UNESCO World Heritage Site
- Type: Cultural
- Criteria: iv
- Designated: 1978
- Part of: Historic Centre of Kraków
- Reference no.: 29bis

Historic Monument of Poland
- Designated: 1994-09-08
- Part of: Kraków historical city complex
- Reference no.: M.P. 1994 nr 50 poz. 418

= Krzysztofory Palace =

Historic building in Kraków, Poland

The Krzysztofory Palace or Pod Krzysztofory Palace (Pałac Krzysztofory) also called (Pałac Pod Krzysztofory), is a historic, baroque city palace located at 35 Main Market Square in Old Town of Kraków, Poland.

It is the location of the Historical Museum of Kraków.

== History ==
Between 1640 and 1649 the Palace was owned by the Crown Court Marshal Adam Kazanowski, who also commissioned its construction. The palace is named after St. Krzysztof, the patron saint of medieval tenements. It was designed by joining together three narrow Gothic houses. The first major renovation of the palace was done by the architect Jakub Solari in 1682–1684. One of its unique features is the fine stucco work by Italian architect Baldassare Fontana, who was working in Kraków at the time. Towards the end of the 19th century, the ground floor was taken up by a popular restaurant Pod Palmą founded by Antoni Hawełka, purveyor to the imperial court of Vienna.

The Krzysztofory Palace is the headquarters of Muzeum Krakowa, being transferred to the jurisdiction of this institution in 1965.
The current exhibition at Krzysztofory Palace is "Krakow from the beginning, to no end.". As the name suggests, it presents the whole history of Krakow from its beginnings in the prehistoric mythical King Krakus to the modern times, having the final piece of the exhibition always being changed according to the events in Krakow.

This exhibition includes many iconic pieces connected to Krakow, such as the Lajkonik costume, the traditional Krakow nativity scenes (including a life-size scaled version), mascarons; those particularly related to local institutions, such as the silver rooster of the Fowler Brotherhood from the 16th century, the ring and scepter of Krakow mayors from the same century, the counter of the Krakow Merchant Congregation from the 18th century, but also works signed with the names of Jan Matejko, Józef Mehoffer, Zofia Stryjeńska, Jacek Malczewski, Wojciech Weiss and Wlastimil Hoffman.

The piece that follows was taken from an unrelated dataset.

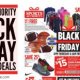 Five Below Black Friday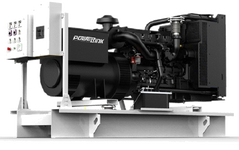 Дизельный генератор PowerLink WPS137 с АВР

Besides this exhibition, the historic interiors of the renovated palace include a library and archive, educational, administrative, commercial, gastronomic spaces and a conference hall. Also in these renovated premises there are events like concerts, literary meetings, debates, lessons and educational workshops.

The opening of the “Krakow from the beginning, to no end” exhibition is the last element of the project implemented by the Museum of Krakow “Krzysztofory anew – Complete Museum: modernization and renovation of the Krzysztofory Palace along with adapting its functions to the implementation of the tasks of a modern, multifunctional museum facility”. 85% of the investment (over PLN 29 million) was implemented thanks to the European Funds, namely Priority Axis VIII – Protection of Cultural Heritage and Development of Cultural Resources under the Infrastructure and Environment Operational Programme 2014–2020. The remaining 15% of the investment costs were covered by the Municipality of Krakow.